Given a variable order for a query, the physical optimizer creates a view tree (Sect. 4), which is a tree of views to support the maintenance and output enumeration of the query. Updates to base relations are propagated bottom-up in the tree, while output enumeration requires top-down access in the view tree. Depending on which base relations are updatable (dynamic) or non-updatable (static), F-IVM decides to materialize and maintain views in the view tree to support efficient propagation of the updates and avoid recomputation. Section 5 discusses the view materialization problem, whereas Sect. 6 discusses efficient update propagation.
Each view is accessed via indices with key-payload entries. Its primary index is a hash map over all its keys (Sect. 3). F-IVM may also need secondary and even tertiary indices, which are hash maps over different subsets of its keys. Such indices are updated lazily: the index updates are buffered and only executed when index access is required.

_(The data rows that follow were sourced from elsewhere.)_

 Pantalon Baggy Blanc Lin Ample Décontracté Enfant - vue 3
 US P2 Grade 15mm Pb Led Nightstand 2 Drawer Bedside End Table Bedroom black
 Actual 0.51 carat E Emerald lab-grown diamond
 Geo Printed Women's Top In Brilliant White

The views for q-hierarchical queries require the primary indices to support updates that are propagated bottom-up in the view tree, and secondary indices to support output enumeration that proceeds top-down in the view tree (Sect. 7). F-IVM implements equality-based joins using in-memory hash-based join operators. Aggregation is performed using variable marginalization. To marginalize a variable, F-IVM enumerates the entries with the same key, except for the marginalized variable, and applies the aggregation on these entries on the fly.
For a view tree and ring specification for each variable to be marginalized, the compiler outputs code in DBToaster’s intermediate representation language M3. DBToaster has its own optimizer and compiler that turns M3 code into highly optimized C++ code. This code takes the stream of input data updates, maintains the views, and enumerates the query output, relying on DBToaster’s runtime library for data ingestion.

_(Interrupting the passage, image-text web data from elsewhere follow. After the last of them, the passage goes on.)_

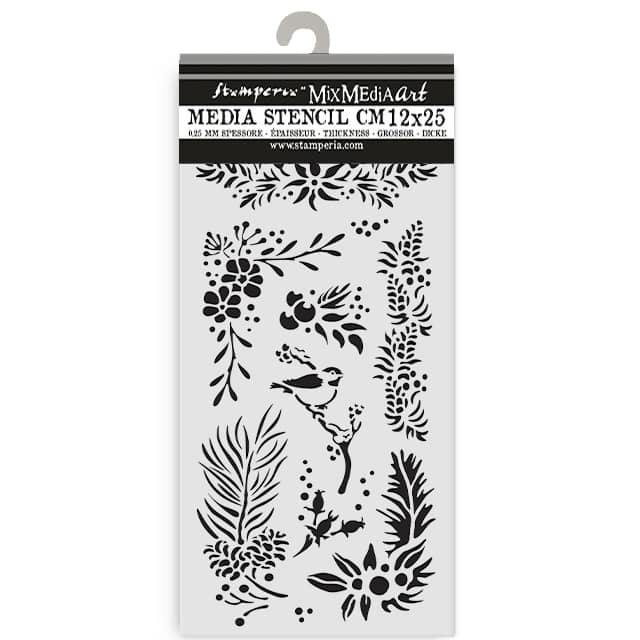 Thick Stencil 12 x 25 cm - The Owl's House - Branches - 1 - Stamperia - Tidformera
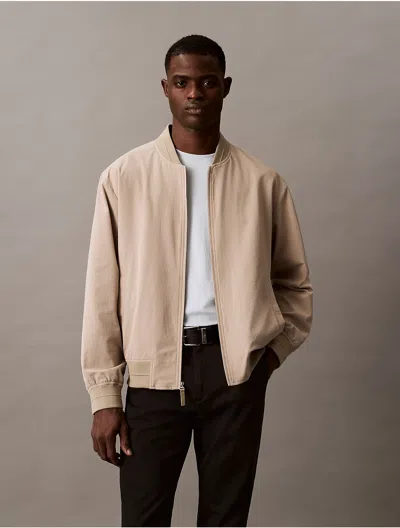 Calvin Klein Men's Seersucker Bomber Jacket In Aluminum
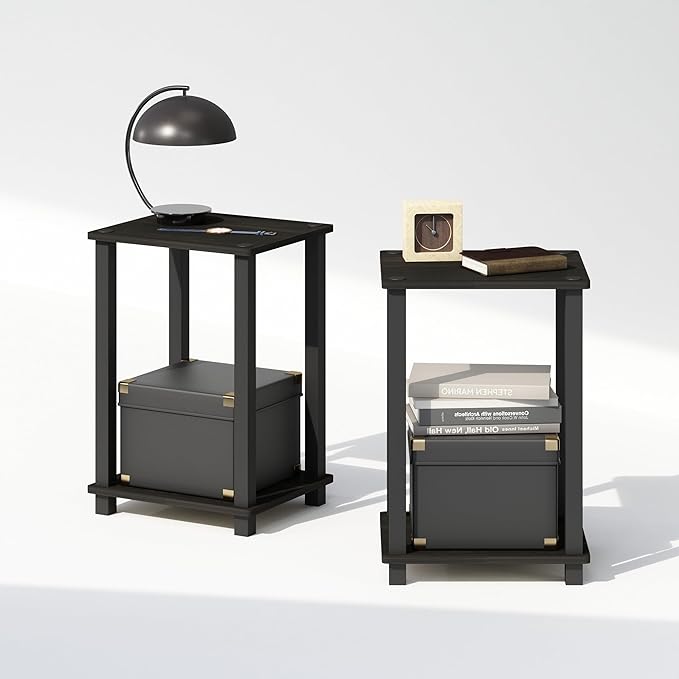 Furinno Simplistic Night Stand Set of 2, 2-Tier Small Nightstand with Open Shelf, Toolless Bedside Table, End Table, Side Table, for Bedroom, Living Room, Espresso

3 Data model and query language
The data model of F-IVM is based on relations over rings and its query language allows for natural joins and group-by aggregates over such relations.
Definition 1
A ring \((\textbf{D}, +, *, \varvec{0}, \varvec{1})\) is a set \(\textbf{D} \) with two closed binary operations \(+\) and \(*\), the additive identity \(\varvec{0}\), and the multiplicative identity \(\varvec{1}\) such that for all \(a,b,c\in \textbf{D} \), the following axioms are satisfied:
1.
\(a +b = b+a\).
2.
\((a +b)+c = a +(b +c)\).
3.
\(\varvec{0}+a = a +\varvec{0}= a\).
4.
\(\exists -a \in \textbf{D}: a +(-a) = (-a) +a = \varvec{0}\).
5.
\((a *b) *c = a *(b *c)\).
6.
\(a *\varvec{1}= \varvec{1}* a = a\).
7.
\(a *(b +c) = a *b +a *c\) and \((a +b) *c = a *c +b *c\).

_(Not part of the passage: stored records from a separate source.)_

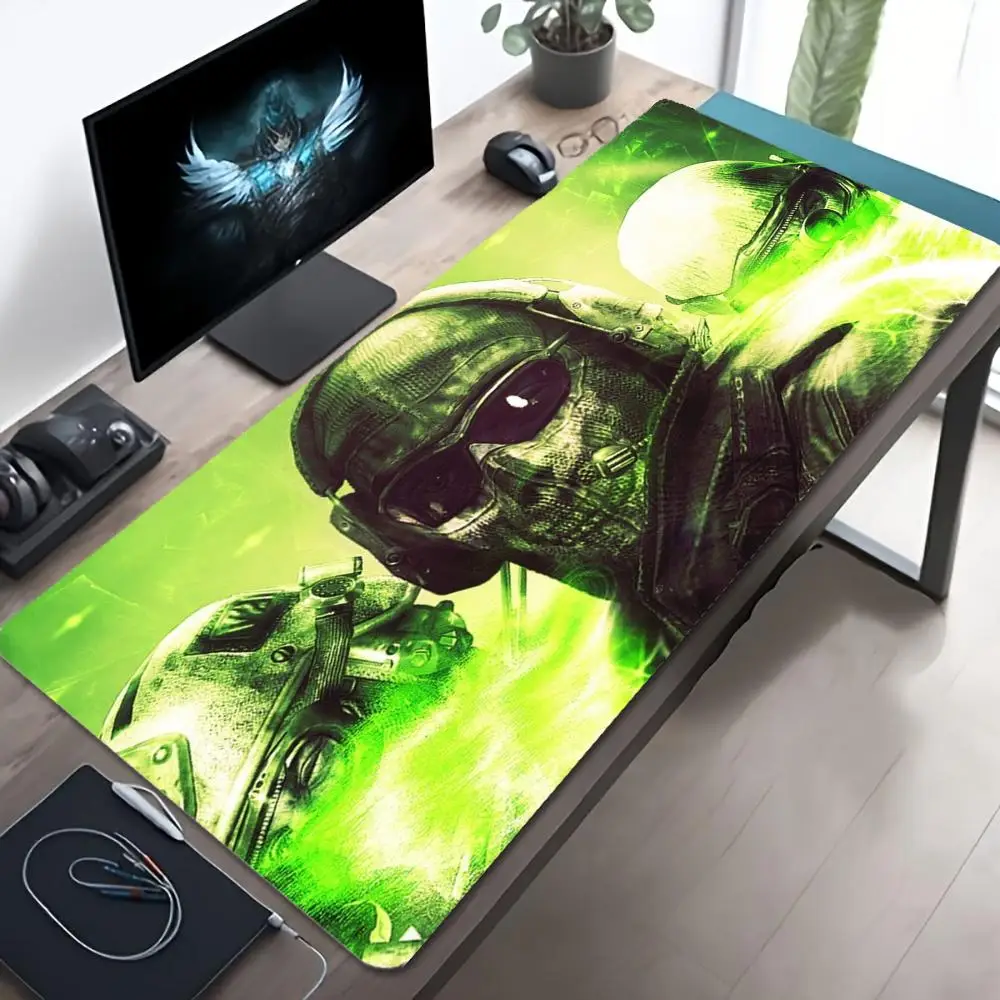 XXL Large Gaming Mouse Pad Green Masked Trooper Deskmat Non‑Slip Rubber Keyboard Table Mats Military Tactical Game Mousepads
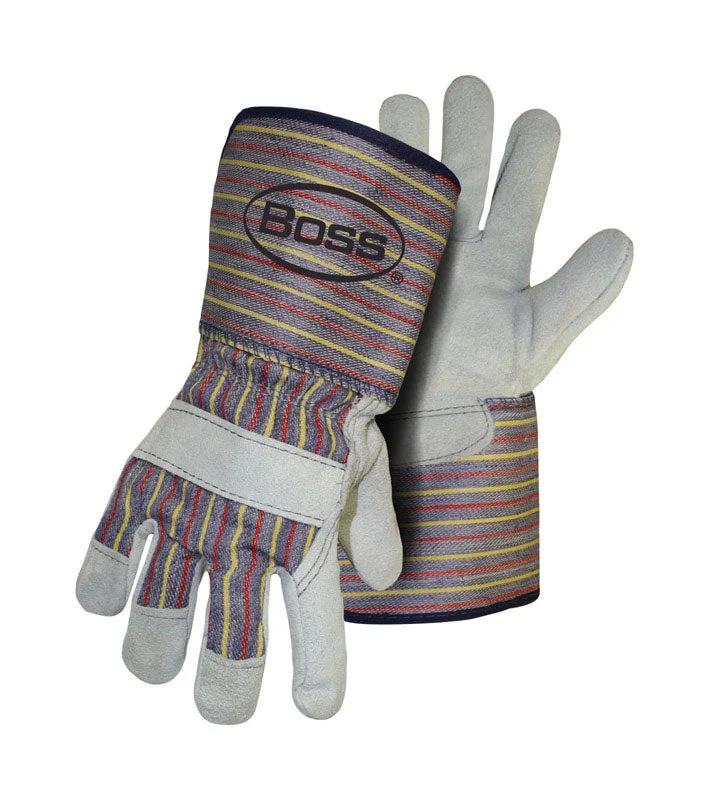 glove with bright look-  Boss Men's Indoor/Outdoor Gauntlet Cuff Work Gloves Gray L 1 pair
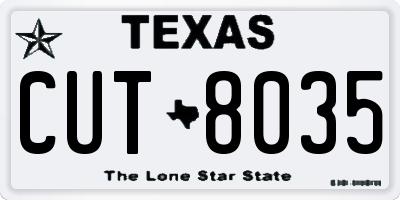TX license plate CUT8035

A semiring \((\textbf{D}, +, *, \varvec{0}, \varvec{1})\) satisfies all of the above properties except the additive inverse property (Property 4) and adds the axiom \(\varvec{0}*a = a *\varvec{0}= \varvec{0}\). A (semi)ring for which \(a *b = b *a\) is commutative. \(\square \)
Example 1
The number sets \({\mathbb {Z}}\), \({\mathbb {Q}}\), \({\mathbb {R}}\), and \({\mathbb {C}}\) with arithmetic operations \(+\) and \(\cdot \) and numbers 0 and 1 form commutative rings. The set \({\mathcal {M}}\) of \((n \times n)\) matrices forms a non-commutative ring \(({\mathcal {M}}, \cdot , +, 0_{n,n}, I_{n})\), where \(0_{n,n}\) and \(I_{n}\) are the zero matrix and the identity matrix of size \((n \times n)\). The set \({\mathbb {N}}\) of natural numbers is a commutative semiring but not a ring because it has no additive inverse. Further examples are the max-product semiring \(({\mathbb {R}}_{+}, \max , \times , 0, 1)\), the Boolean semiring \((\{ \text {true}, \text {false} \}, \vee , \wedge , \text {false}, \text {true})\), and the set semiring \((2^{U}, \cup , \cap , \emptyset , U)\) of all possible subsets of a given set U. \(\square \)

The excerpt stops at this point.